From: Christian Huitema <huitema@huitema.net>
Sent: Monday, November 2, 2020 1:11 AM
To: De Schepper, Koen (Nokia - BE/Antwerp) <koen.de_schepper@nokia-bell-labs.com>; Jonathan Morton <chromatix99@gmail.com>
Cc: iccrg IRTF list <iccrg@irtf.org>; Bob Briscoe <ietf@bobbriscoe.net>; tsvwg IETF list <tsvwg@ietf.org>; TCP Prague List <tcpPrague@ietf.org>
Subject: Re: [tcpPrague] [tsvwg] ecn-l4s-id: Proposed Changed to Normative Classic ECN detection Text



On 11/1/2020 3:55 PM, Christian Huitema wrote:


On 11/1/2020 1:53 PM, De Schepper, Koen (Nokia - BE/Antwerp) wrote:

>>By the way, I do think that L4S makes too many hypotheses about the CC. I wish the AQM was based on intrinsic properties, such as "this flow is using more than its fair share of bandwidth"

This last quote is exactly what the L4S marking is intended to do: the smoothed marking probability over a longer time interval (about 10 RTTs) indicates the fair target rate. Assuming we agree on 15ms being the reference RTT, then the average rate can be r=2/(p*0.015)=133/p packets per second. So you can evaluate yourself if you use more or less than the fair share. How you respond to this knowledge is up to your CC.

I think that part of the complexity in L4S AQM comes from trying to achieve fair sharing of resource without actually implementing fair queuing. You end up expecting that implementations apply a formula and derive their packet sending rate from a smoothed average of the packet marking rate. It may work well in controlled environments, but I am afraid that very few implementations are ever going to do that in practice.

Congestion Control algorithms are much more likely to treat packet losses, markings, or delay increases as signals that they are sending too fast, while considering their absence or lower frequency as signal that they might be able to send faster. Implementations also are likely to take into account the recent history, for example monitoring the min RTT (LEDBAT, BBR), or monitoring the recent available bandwidth (BBR). They also typically filter signals, e.g., consider only one packet loss or ECN mark per RTT (New Reno, Cubic, etc.). This is expected, because we do see packet losses arriving in batches, and can reasonably expect ECN marks to have the same behavior. But implementations are inherently selfish, do not really trust the signals from the network, and are very unlikely to end up applying the formula that you suggest.

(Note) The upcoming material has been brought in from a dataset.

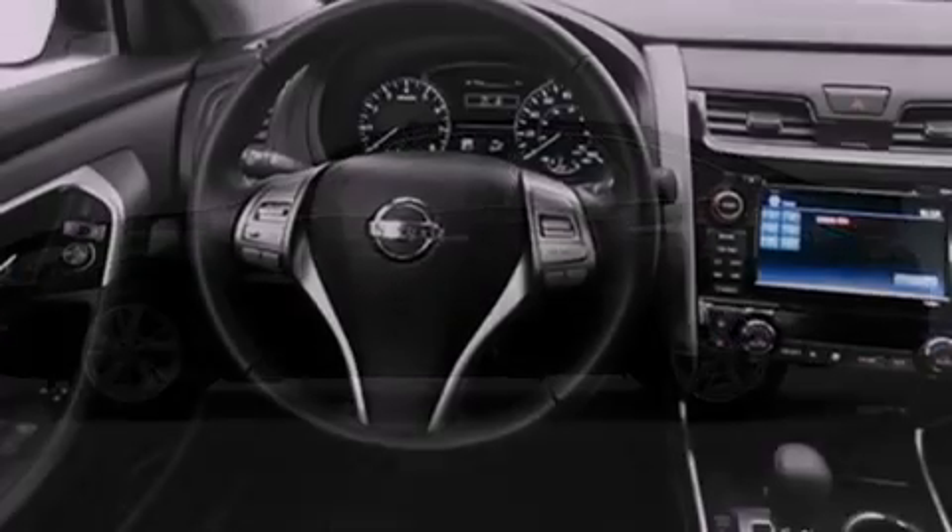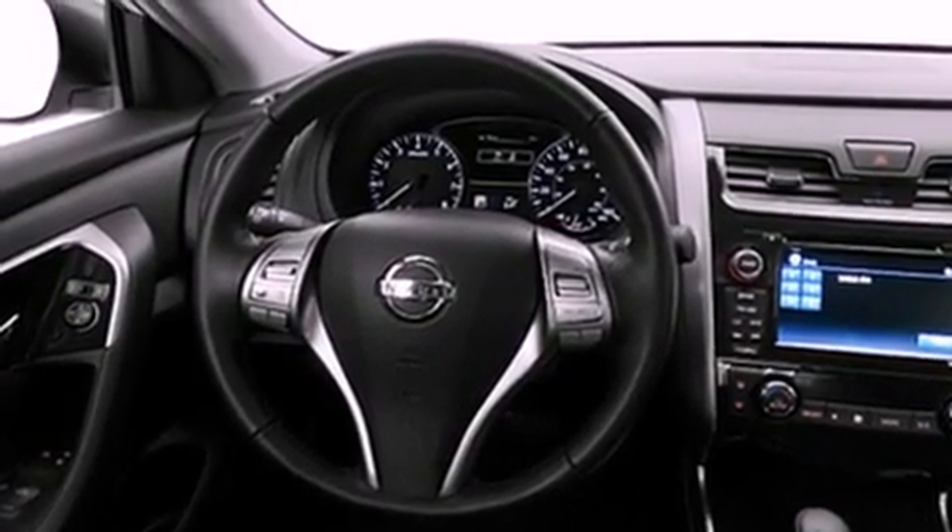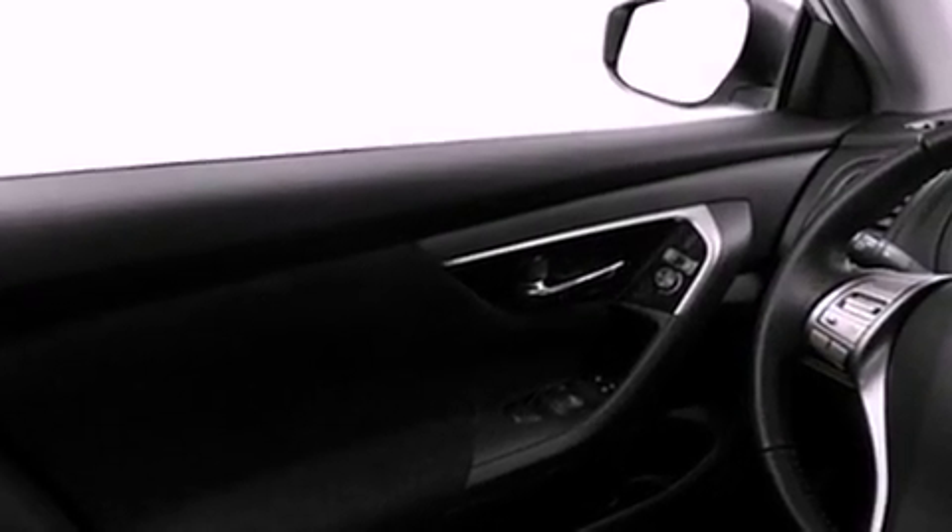Its top features include keyless ignition, a speed-sensitive volume control system, satellite radio, and a rear-view camera.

In any case, you have a scaling issue. Let's consider a 1.5Gbps link, with 15 ms delay and 1500 bytes packets. The nominal sending rate is 125,000 packets per second. The marking rate with your formula shall be p = 2/(r*0.015), which is about 0.0008%. Over the last 10 RTT, the connection will on average see 0.14 marks -- that is, no mark over the last 10 RTT 86% of the time. This falls well short of the requirement to provide frequent feedback!

Sorry, bug in my spreadsheet. The marking rate is actually 0.1%, about 2 packets per RTT. Still not frequent enough for my taste, but much better than 0.0008%. Nevertheless, the inverse relation between marking rate and data rate is not great.

If you give up the formula, you could end up with a significantly simpler event based congestion control, in which applications slow down if they see too many CE marks, accelerate if they only see a very low marking rate, and stay put if they see an infrequent marking rate. I can see applications doing that, resulting in a fairly stable network and low delays. Of course, you will have to do some form of fair share enforcement to catch violators, but I am sure you can come up with something.